Both Hutcheson and his team are exceptional. The Bisons, the No. 1-ranked NAIA team most of the season, finished with a 41-5 record; they're the first college team ever to win 40 games in a season. And Hutcheson, who's looking more toward law school than a pro career, is a true student-athlete. He carries a perfect 4.0 grade point average (he's majoring in political science communications) and works part time as a sportswriter for the
Nashville Banner. When asked last week how he would headline his basketball achievements, Hutcheson replied, with his usual self-effacing humor, "Big Dork Does O.K."

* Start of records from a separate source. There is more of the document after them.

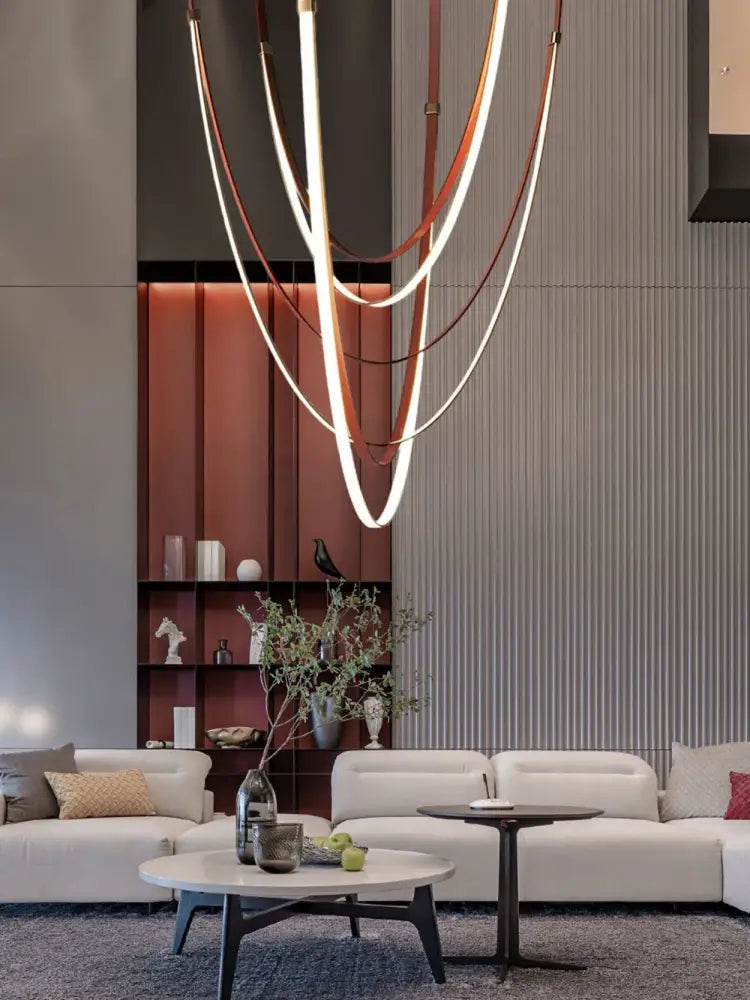 Modern sculptural DecorBites™ flexible leather belt LED chandelier with intertwined copper and white light strips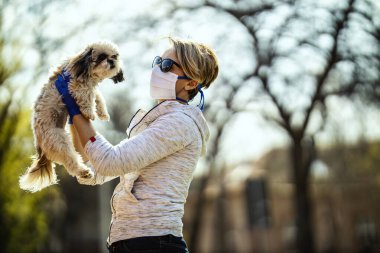 Tıbbi koruyucu maskeli bir kadın, grip salgını ve koronavirüs salgını sırasında şehrin sokaklarında sevgili küçük Shih Tzu köpeğiyle vakit geçiriyor..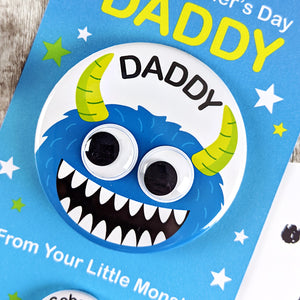 Close up of Daddy monster badge with googly eyes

It's hard to say which was more disturbing: the tasteless performance of the Miami Heat's mascot during a home game against the New York Knicks on March 11, or the glee with which fans in Miami Arena cheered it. The mascot—actually Wes Lockard, 29, who dresses in an orange feathered costume that makes him look like a distant cousin of the Phillie Phanatic—was attempting to poke fun at New York City. During a fourth-quarter timeout, as Frank Sinatra's rendition of
New York, New York
blared over the P.A. system, Lockard walked onto the court wearing an outfit of rags on top of his costume and pushing a shopping cart. In case any fans didn't recognize that he was imitating a stereotypical bag lady, Lockard pulled out a bottle in a brown paper sack and pretended to guzzle from it.
There was more. As Lockard drank, a coconspirator slowed down the music on the P.A. system to make Sinatra's words sound drunkenly slurred. Then two other participants in the skit dashed out, pretended to club him on the head, snatched a giant wristwatch from him and ran off, disappearing under the stands.
Someone should inform Lockard, the Heat and their fans that homelessness, alcohol abuse and violent crime aren't joking matters.